Separately, in April 2022 the government announced its intention to expand the Investment Transactions List for the purposes of the UK’s investment manager exemption (“IME”) to include cryptoassets. The IME uses qualifying tests to provide certainty that non-UK resident investors can appoint UK-based investment managers to conduct certain investment transactions on their behalf, without bringing those non-UK resident investors into the scope of UK taxation. This expansion provides certainty of tax treatment to UK investment managers and their non-UK resident investors who seek to include cryptoassets within their portfolios, and the government noted that it will encourage new cryptoasset investment management businesses to base themselves in the UK.

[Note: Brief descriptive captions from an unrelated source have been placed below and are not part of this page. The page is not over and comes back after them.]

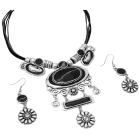 Tribal Jewelry Silver Stylish Black Enamel with Flower Silver Dangling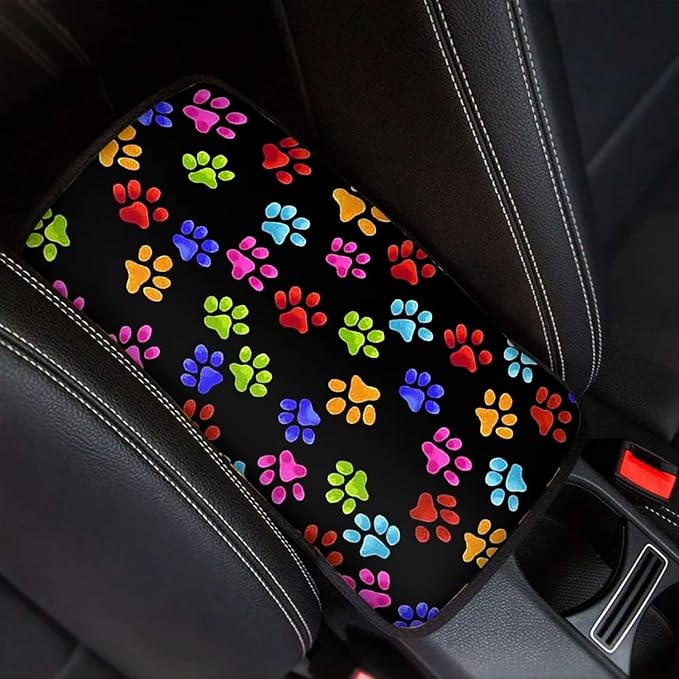 JoyLamoria Cute Footprint Car Armrest Cover Automotive Armrest Pad Cute Car Interior Decor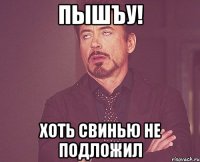 пышъу! хоть свинью не подложил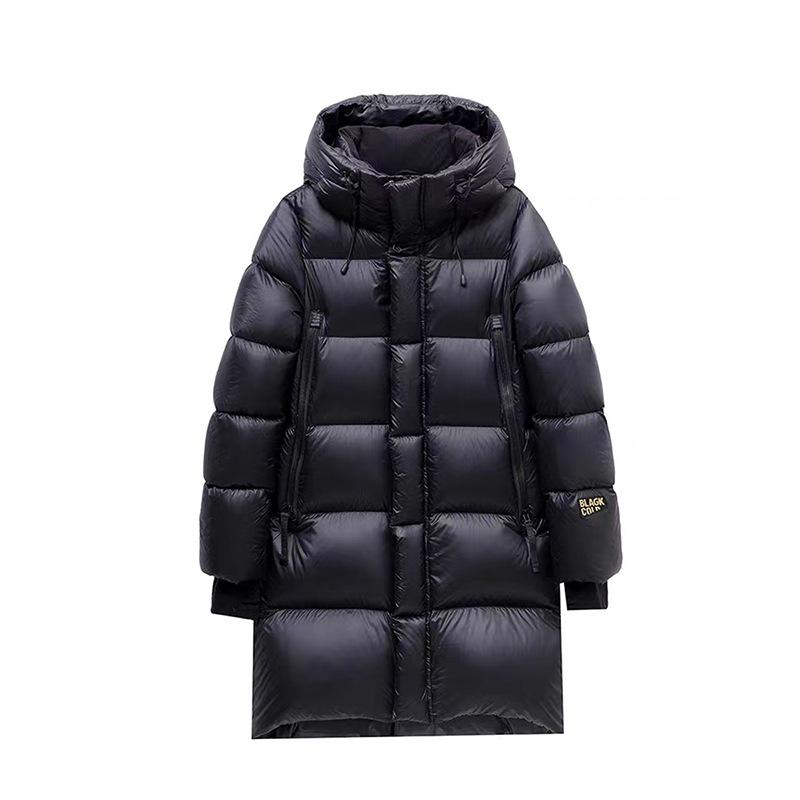 Black gold medium and long down jacket women's winter fashion high-end white duck down to keep warm over the knee couple bread jacket burst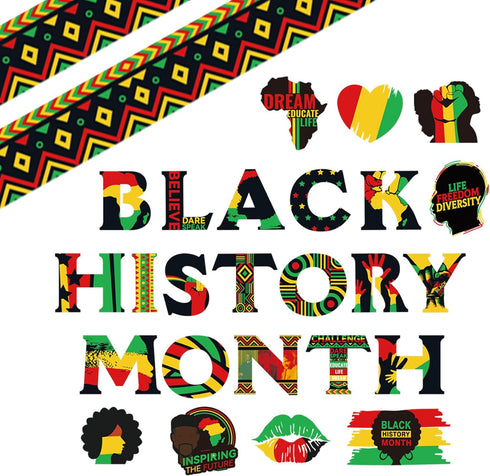 Black History Month Bulletin Board Borders Cutouts Classroom Decorations, African Worthwhile Commemoration Festival Bulletins Board Cutouts Wall D...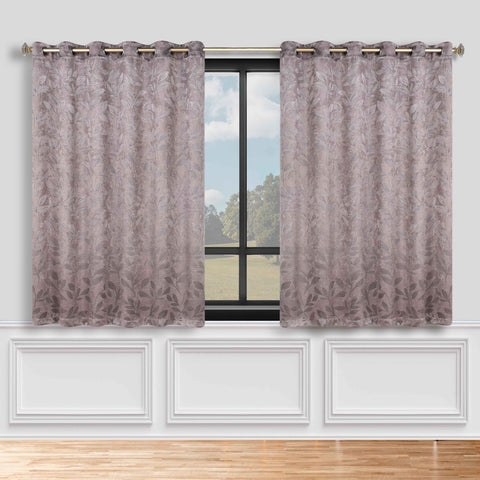 Blackout Curtains Leaves Pattern Room Darkening Grommet 2 Panels
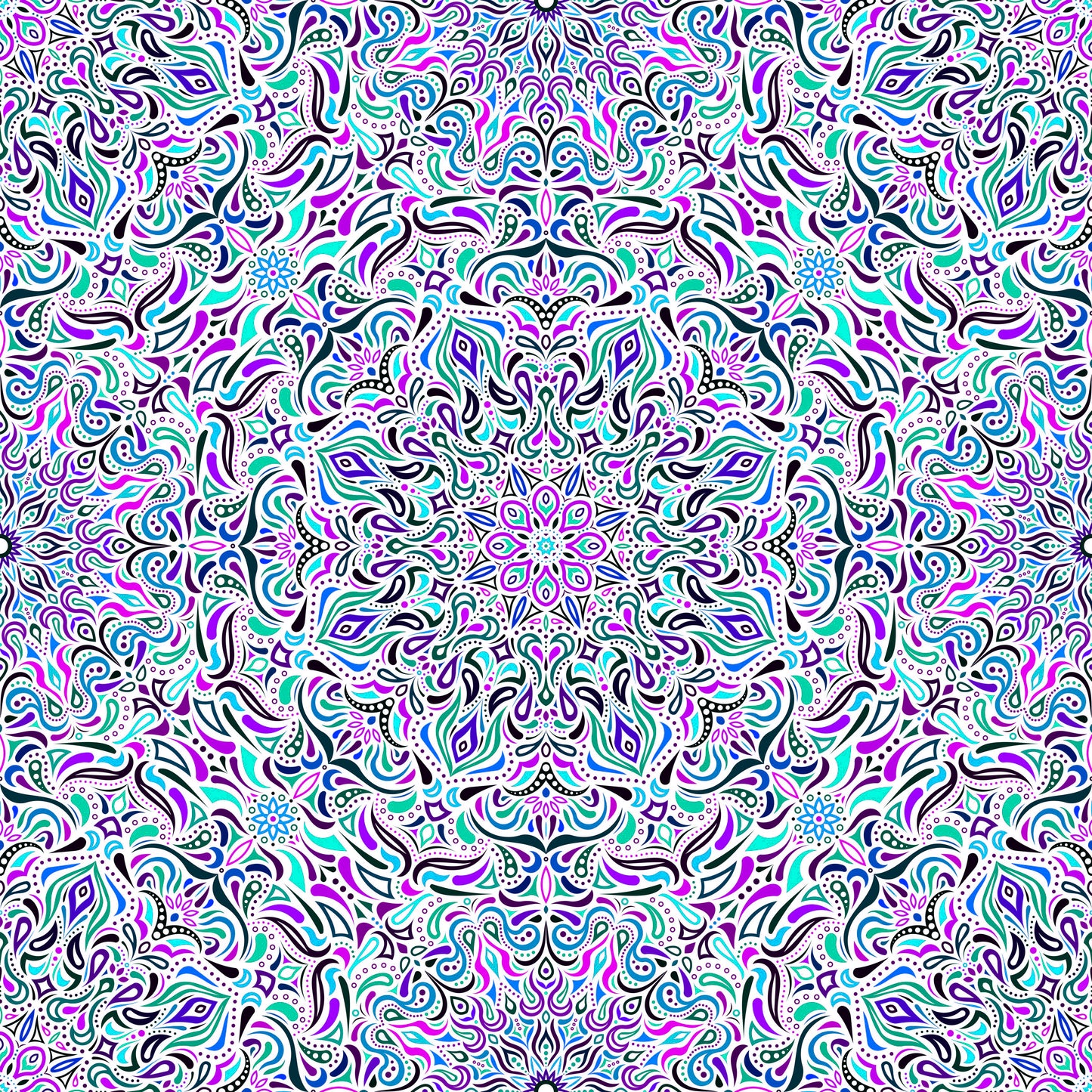 Turquoise - Purple - Blue Mandala Fabric 2008.1i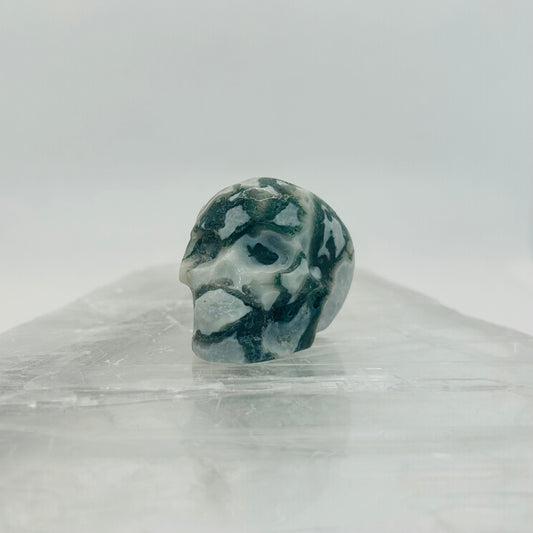 Moss Agate Crystal Skull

In May 2022, HMRC accordingly sought views on the scope of such an extension to the IME, looking in particular at the types of cryptoassets which should be included within the regime. HMRC also consulted on whether there is a case for extending this change to other tax regimes which also use the Investment Transactions List. Legislation to define ‘designated cryptoassets’ and include them in the Investment Transactions List (for the purposes of qualifying for the IME) was published in December 2022, and applies to transactions entered into from tax year 2022 to 2023 onwards, and accounting periods that include 19 December 2022 onwards.

8. Has any official guidance concerning the use of blockchain technology been published in your jurisdiction?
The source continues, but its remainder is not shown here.